The jobs report was released this morning and in a single word, it SUCKED. I was laughing my ass off listening to the clowns on CNBC express their shock and dismay that the “rough patch” may be something more serious. YGTBSM! Rick Santelli is the only one with a clue on that network and he had a rather smug expression on his face.
Gold immediately caught a bid and went from a few dollars down to 13 up. This pop is the gut reaction that further stimulus is a certainty now that “rough patch” is revealed for what it really is, smoke and MOPE. Do not be fooled by the talking head media, this isn’t a rough patch, or a double dip, or browning green shoots, or any other nonsense other than the truth, this is the continuation of a global depression that is going to fundamentally change your concept of money.
Thank you stockcharts.com! Intraday price info is back and therefore we can see the continuous contract gold chart depicted with candlesticks. The gold chart shows price climbing to resistance and the top of the sideways trading channel. Currently gold is trading at 1542, so the upward impulse continues. Resistance is coming in at 1555. A break above this may be saying the summer doldrums are over and the fall rally is commencing. Support is coming in around 1520 where we have both the 18 and 45 day moving averages, along with chart support from swing highs and lows. Very strong support is all the way down near 1475, the bottom of the trend channel. The trend is technically neutral with a lower low and higher high. A swing low above 1478 locks in a short term uptrend.
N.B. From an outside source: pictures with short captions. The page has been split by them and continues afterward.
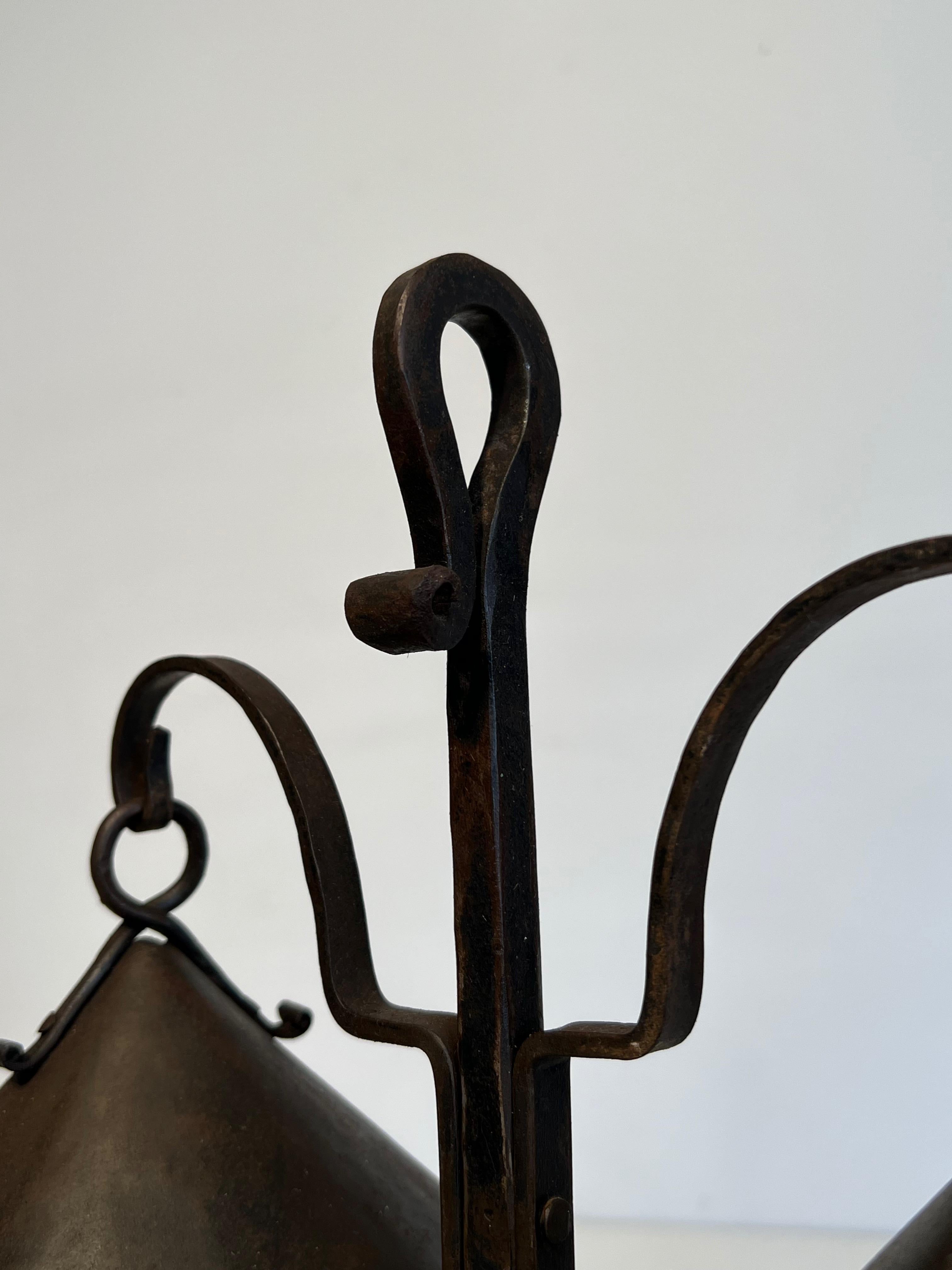 Chandelier en fer forgé avec 2 Lights en vente 2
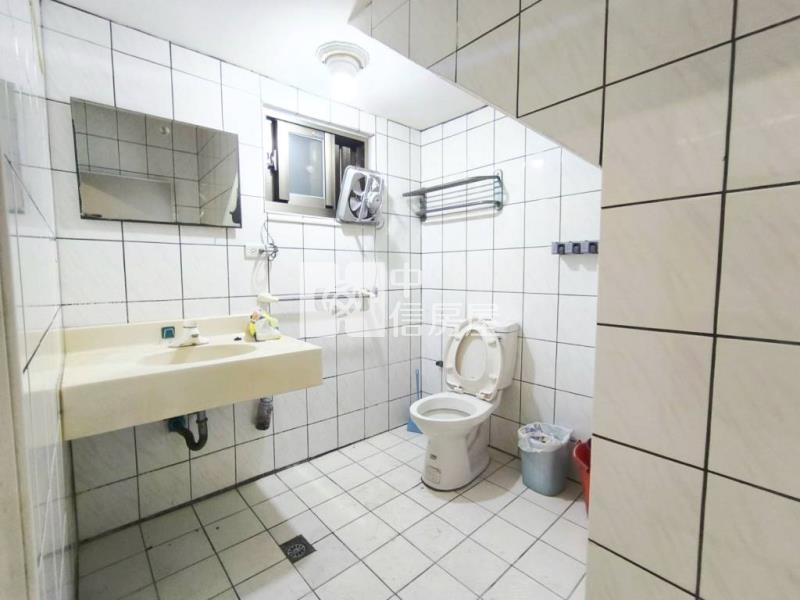 【新世紀】鄰近大崙國中透天別墅房屋室內格局與周邊環境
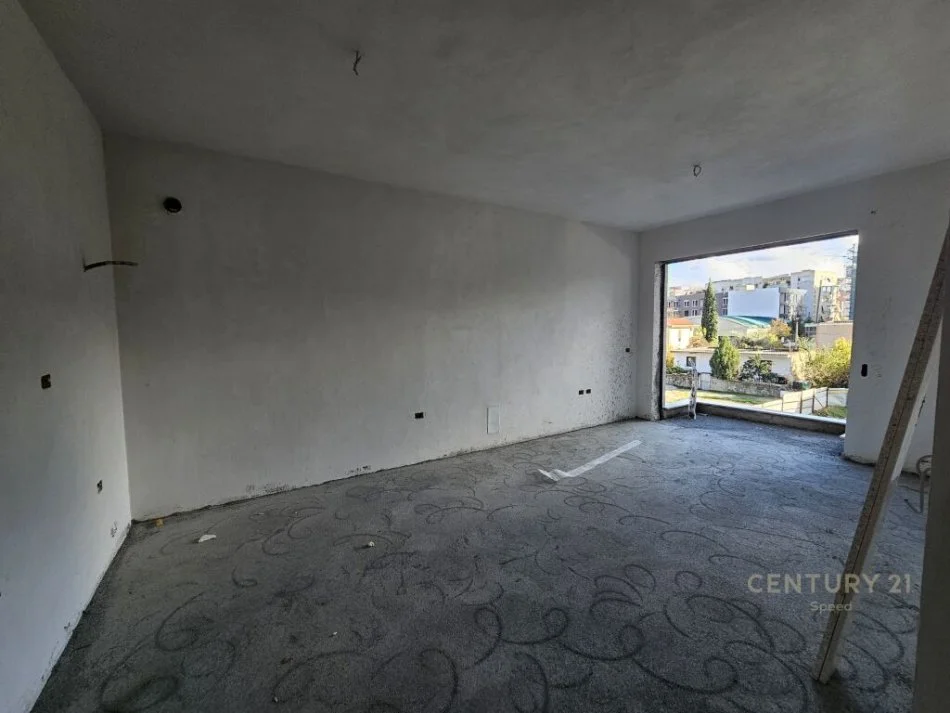 Tirane, shes apartament 1+1 Kati 1, 59 m² 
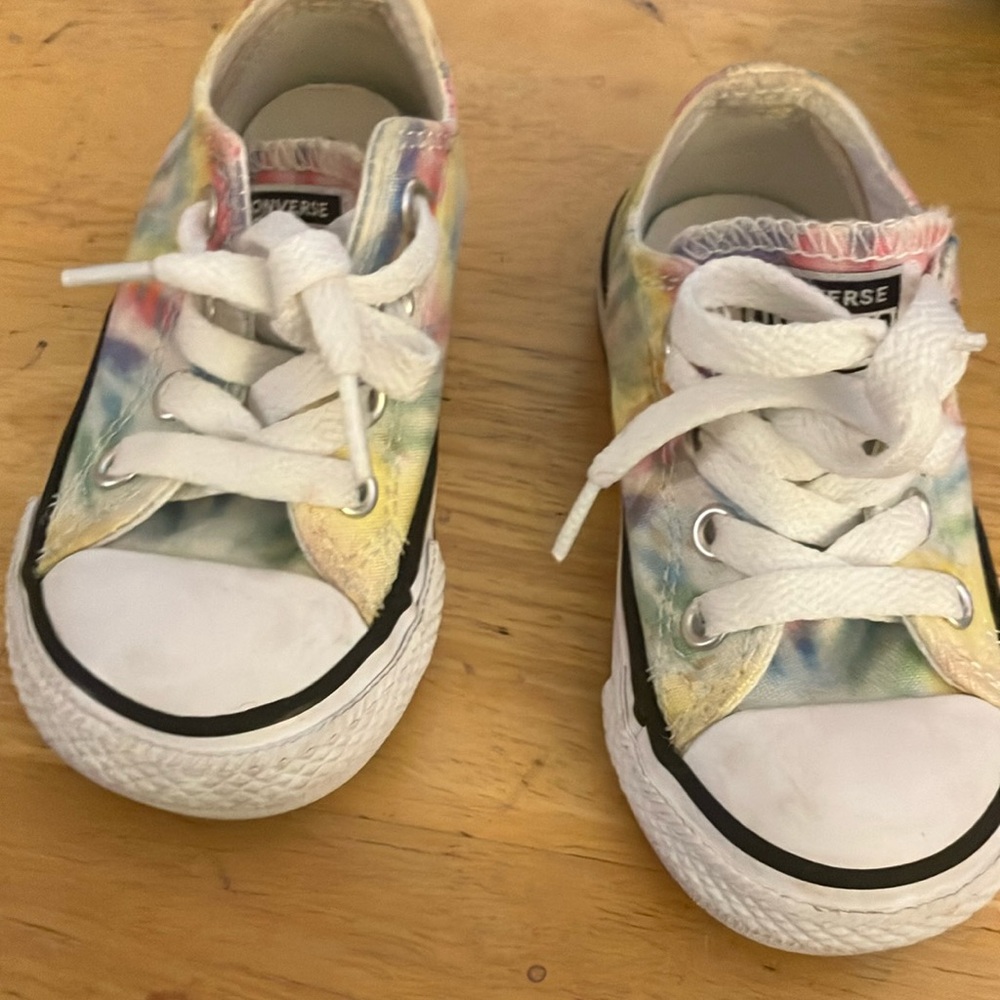 Converse sneakers size 5
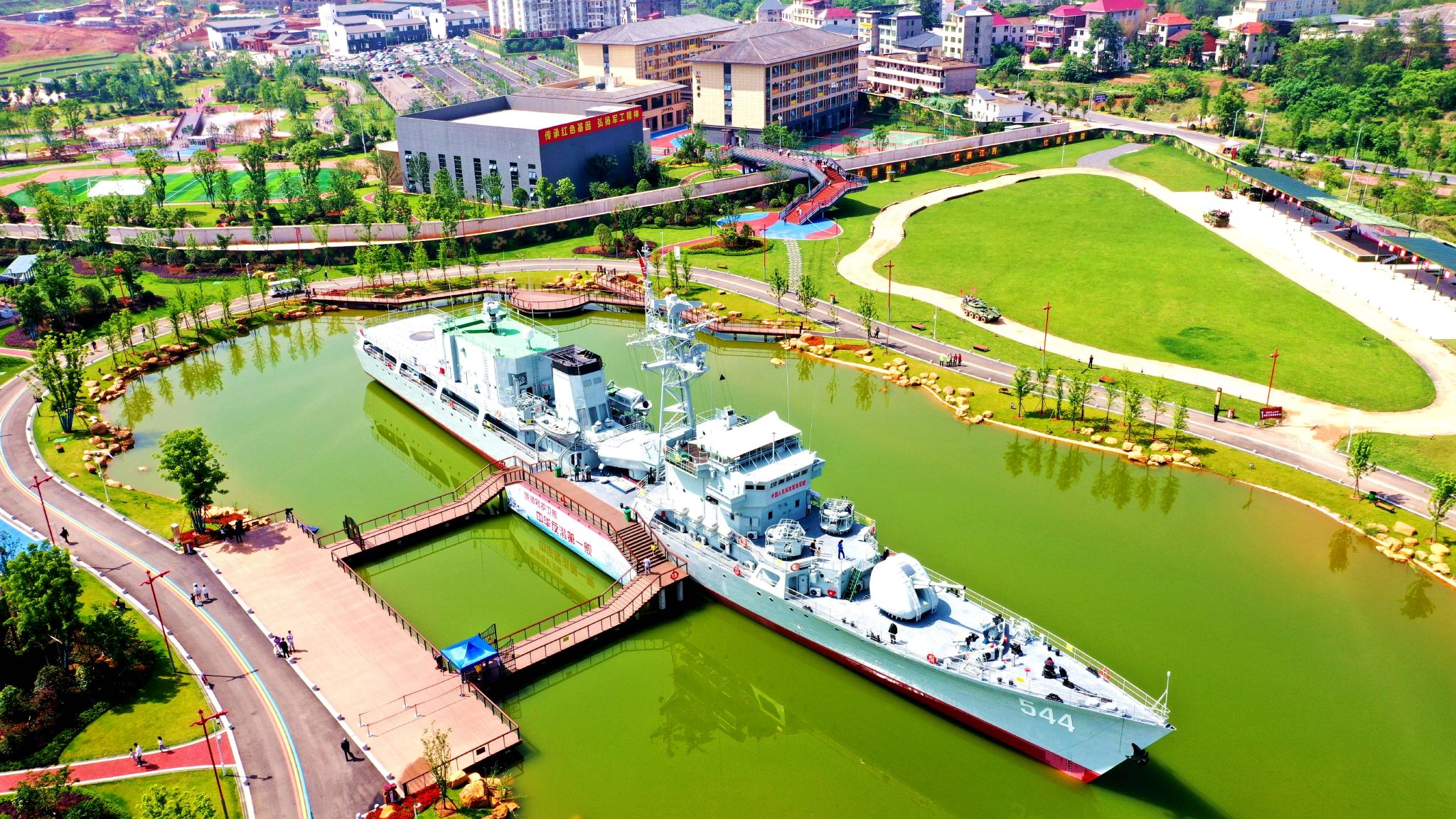 兴国县的红兴谷红色军工主题板块吸引了众多游客前往体验红色军事游乐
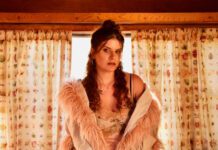 Bethany Cosentino lança a balada romântica “Easy” do álbum ‘Natural Disaster’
The weekly chart shows price finding support once again at the 18 week moving average. If the pattern continues, then the low for this move is in and we will be setting a new high shortly. 1555 is the line in the sand, get ready.
PHYS, our real and 100% allocated gold fund, is climbing to resistance at 13.75. This is the level equivalent to 1555 in gold. A breach of that level is a signal that we are likely heading much higher. Support is coming in the 13.15 – 13.25 range where we have chart support plus the 20 and 50 day moving averages. Another gap has formed to join the small gap at 13.10. Also, there remains a gap all the way down around 12.75 and that is troublesome to me. Gaps on low or mediocre volume nearly always fill. It is why I missed the last buy opportunity, my buy limit was in the gap and it was never triggered. A new uptrend is now painting the chart with a higher high and a higher low around 13.25 in place. If 13.73 stays intact, then the pattern returns to neutral.